The mean number of teeth present was 25±3 (range: 20-28). Of all the subjects, 278(80%) had blood glucose levels in the non-diabetic range, 20(5.7%) were in the pre-diabetic range and 50(14.3%) were in the diabetic range. The mean GCB glucose was 151±60.5mg/dl, mean FCB glucose 159.8±62mg/dl, and the mean IVHbA1C score was 9.2±2.2%.
There were 1,980 mobile teeth; 1,112 (56.16%) mandibular, and 868(44%) maxillary. Among them, 942 (47.5%) teeth showed grade 1 mobility and 245(12.3%) showed grade 3 mobility.
TM scores had moderate positive correlation with GCB glucose readings(r=0.657). FCB glucose levels also demonstrated good correlation (r=0.652) with TM scores, while HbA1c scores showed a strong positive correlation (r=0.733) with TM. When HbA1c increased, there was an increase in TM scores (p<0.01) (Table-2).

According to linear regression analysis, TM was predicted to increase by 0.210mm for each percent rise in HbA1c score (p<0.001) (Figure).

Discussion
TM causes deranged occlusion, disturbed masticatory functions, and debilitated nature of life.17 Loose teeth during mastication further harm the periodontium, exacerbating the periodontal destruction and resulting in the loss of teeth.

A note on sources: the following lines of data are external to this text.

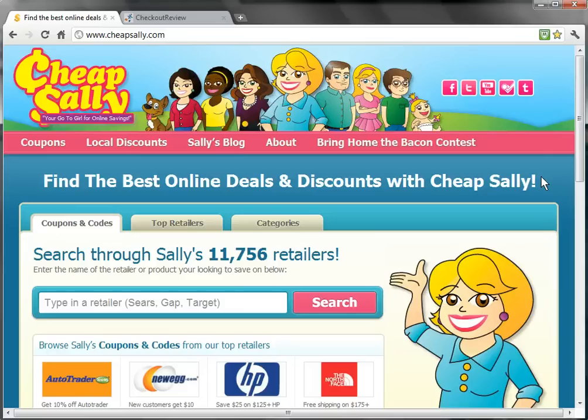First you'll want to go to CheapSally.com where you can find a ton of coupon codes for all of your favorite retailers.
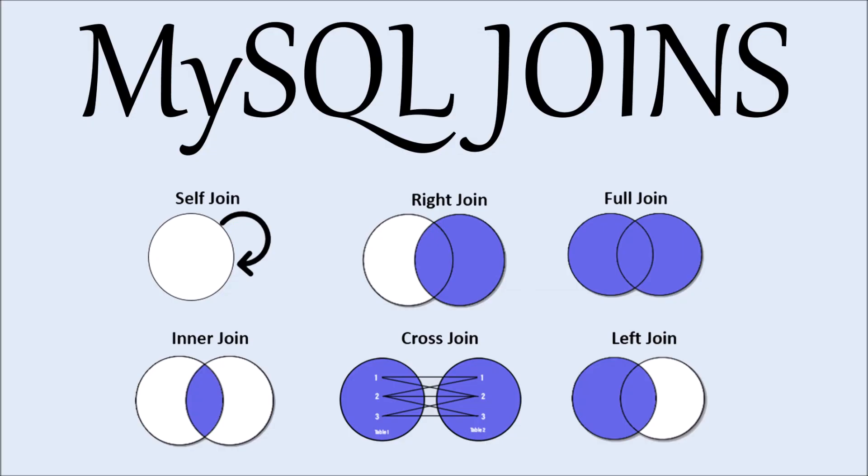That's all in this video. I hope you like this video on inner join. I'll be explaining the other five types of joins in upcoming videos, so stay tuned. Please like, share, and subscribe to my channel. Thank you so much for watching.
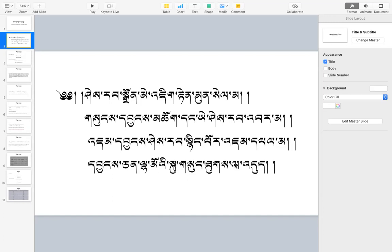We begin this course with great auspiciousness. This four-line verse — called a shloka in Hindi, tigje in Tibetan, and a verse in English — is a praise to goddess Saraswati. I have not provided the English translation here, but I will share it later in a PDF and Word file. I will recite this verse to symbolize auspiciousness and to take refuge in goddess Saraswati.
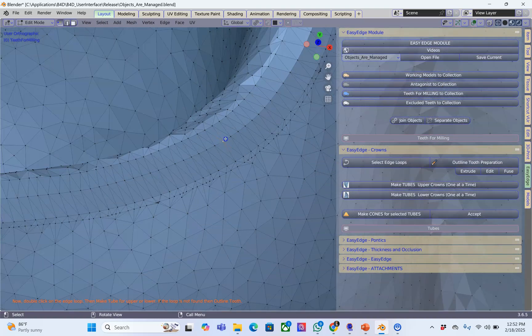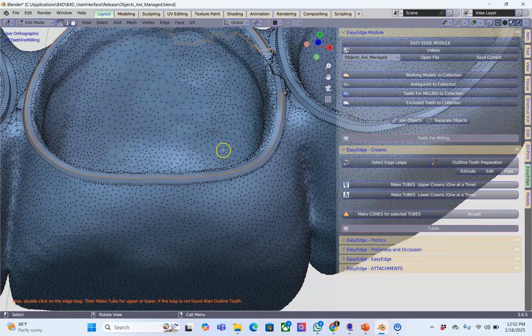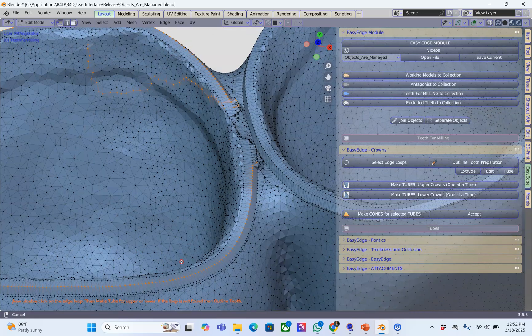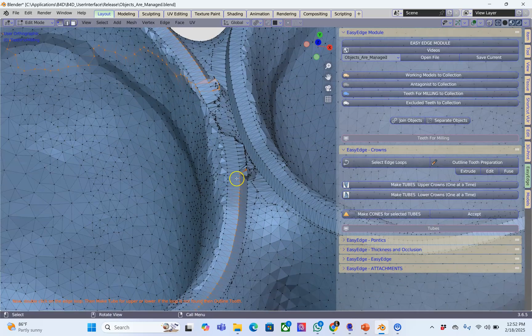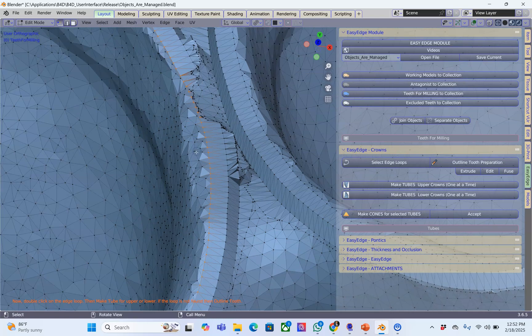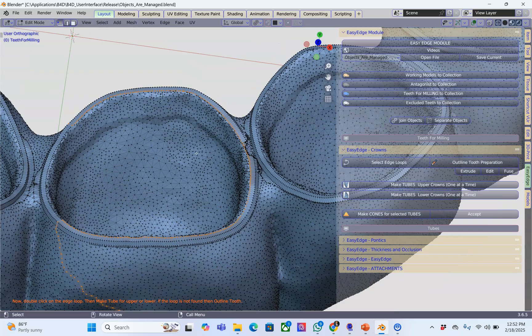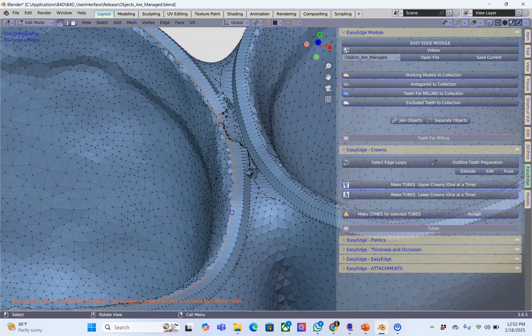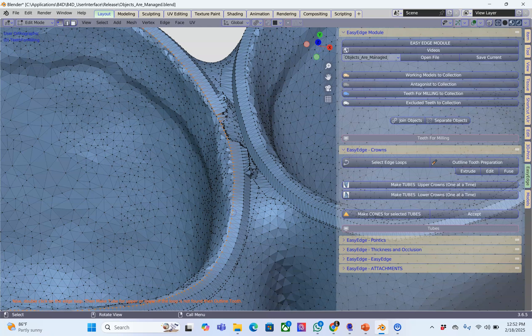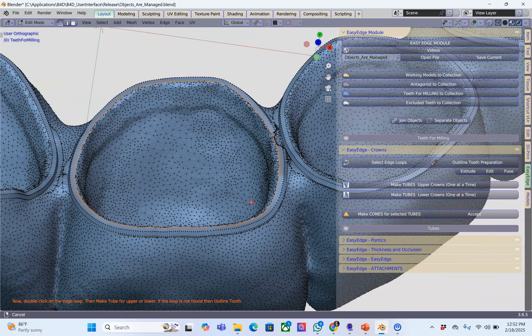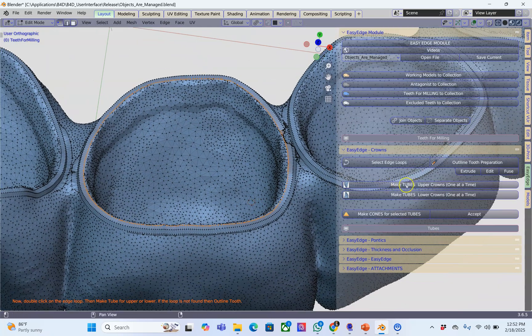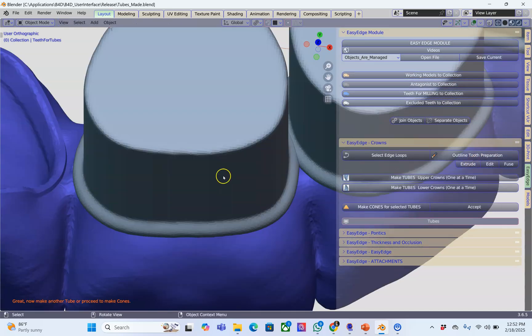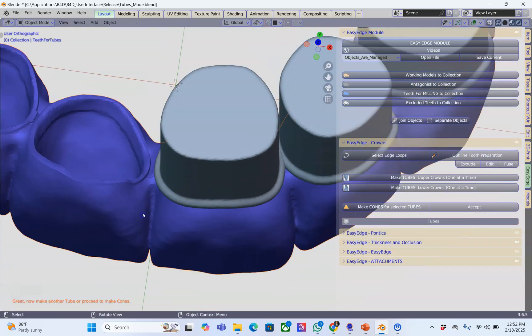We're going to select the edge again and here it didn't select a whole lot. Let's try this one. This one also didn't work. Let's try one more time and this time it worked. Sometimes you have to just try and try again. If it doesn't select then you're going to have to use the outline tooth preparation.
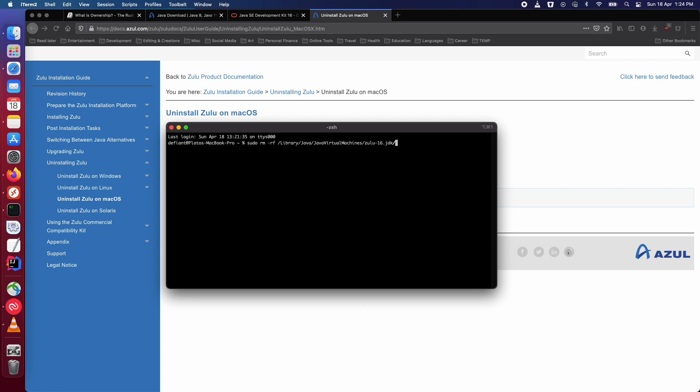Make sure this is the version of the JDK you would like to uninstall and then just press enter.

TM has a negative impact on physical, social and psychological wellbeing of a patient.18 The current study found that periodontitis prevailed in the older population, in females, in the uneducated and in those belonging to low socioeconomic group. Besides, almost half of the mobile teeth constituted of grade-1 mobility. One study also reported the majority having grade-1 mobility.19 Mandibular left central incisor showed the highest mobility scores, followed by mandibular right central incisor. As reported earlier,17 the current study also showed lower incisors as the teeth having highest mobility scores and upper left canines showing the least mobility. The possible reason can be the shorter length of the roots of mandibular incisors compared to other teeth and greater accumulation of supra- and sub-gingival calculus on the lingual surface of mandibular anterior teeth.20 However, one study showed contrasting results, reporting maxillary central incisors as the most mobile teeth and mandibular canines as the least mobile teeth, and grade-2 mobility being the most common.21 The average number of teeth present in patients with normal glucose levels in the current study was 25.5±2.5 compared to 23.2±2.9 in individuals with glucose values in the diabetic range, indicating that uncontrolled hyperglycaemia may contribute to tooth-loss.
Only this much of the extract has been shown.